═════ Data for this exercise ═════

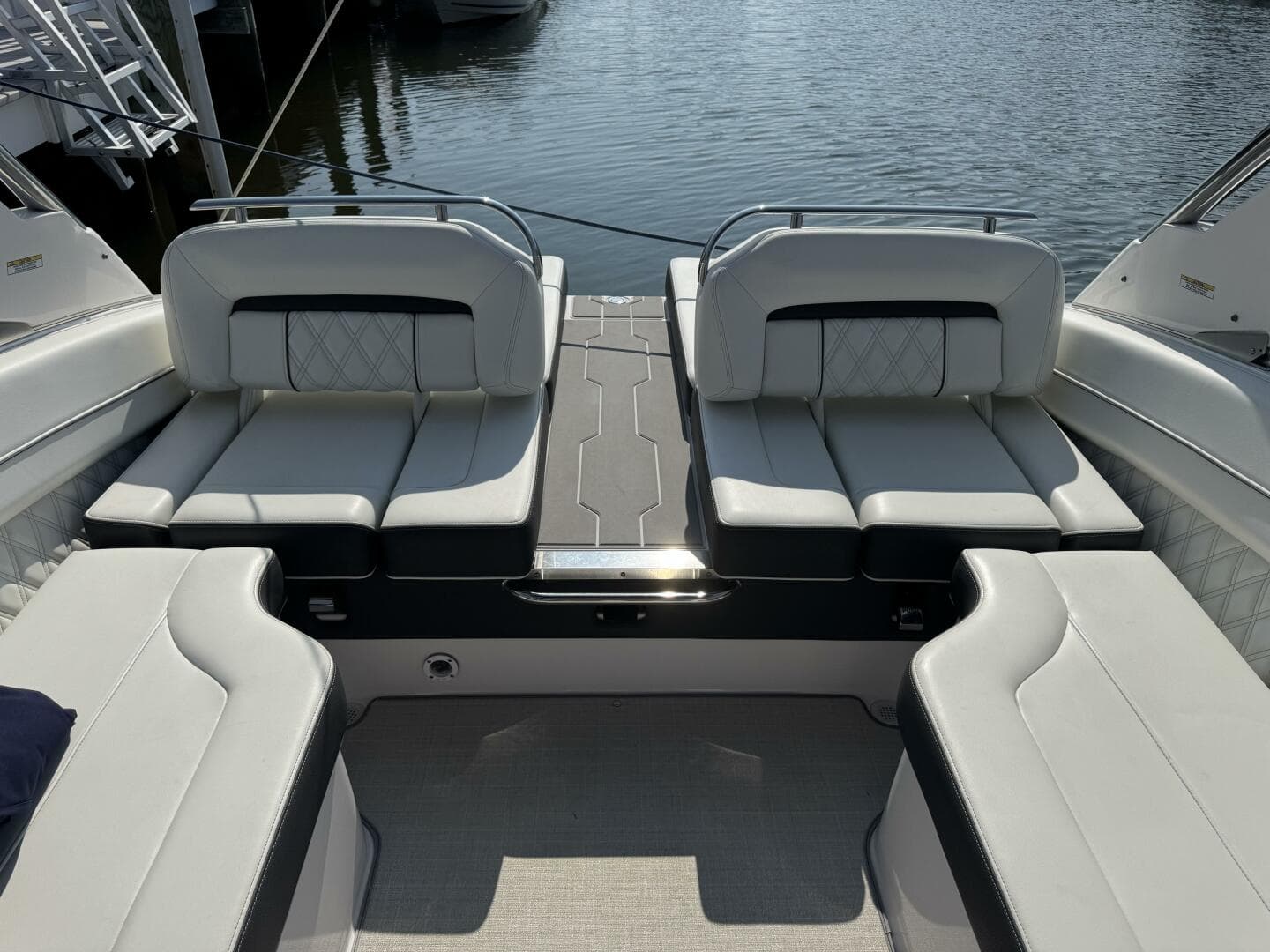 2020 Regal LS 6 — photo 10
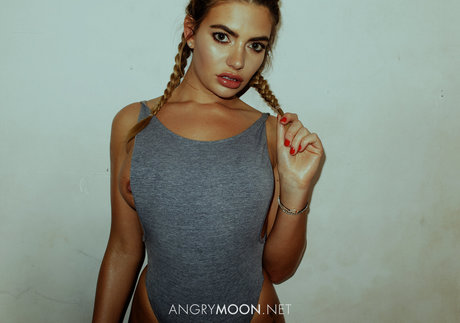 big dick shemale onlyfans exclusive pics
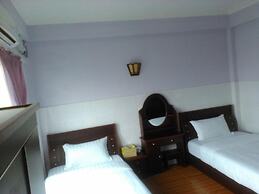 Hotel 99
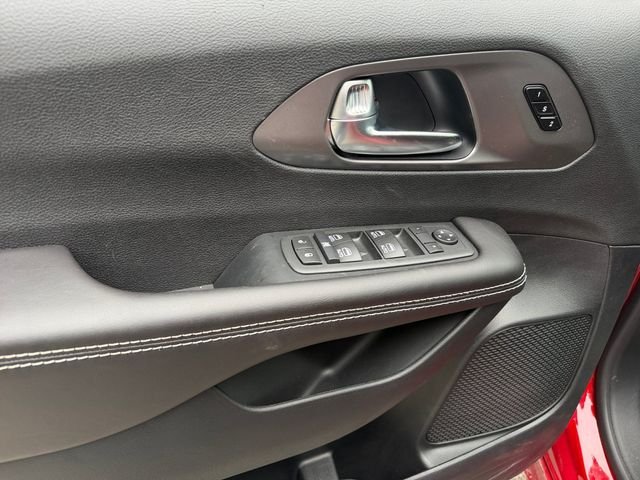 New 2026 Red Hot Pearl-Coat Exterior Paint Chrysler Select image 12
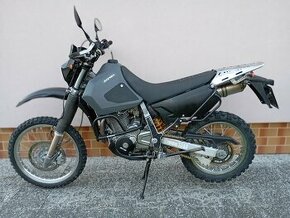 SUZUKI DR 650 SE - 1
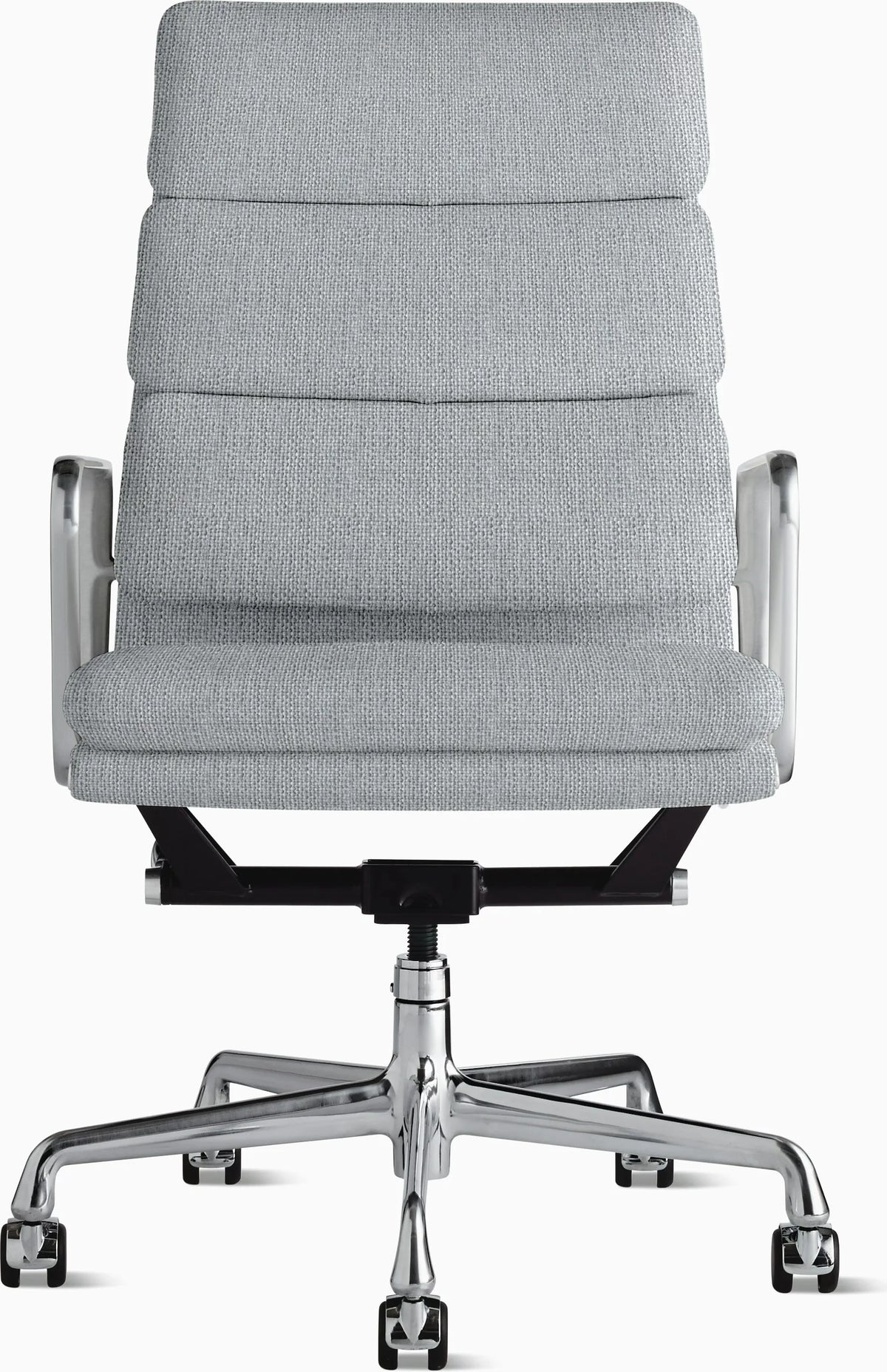 Eames Soft Pad Executive Chair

═════

- [Exercise description] Copy the records above exactly, omitting every picture.

- [Reply]
 2020 Regal LS 6 — photo 10
 big dick shemale onlyfans exclusive pics
 Hotel 99
 New 2026 Red Hot Pearl-Coat Exterior Paint Chrysler Select image 12
 SUZUKI DR 650 SE - 1
 Eames Soft Pad Executive Chair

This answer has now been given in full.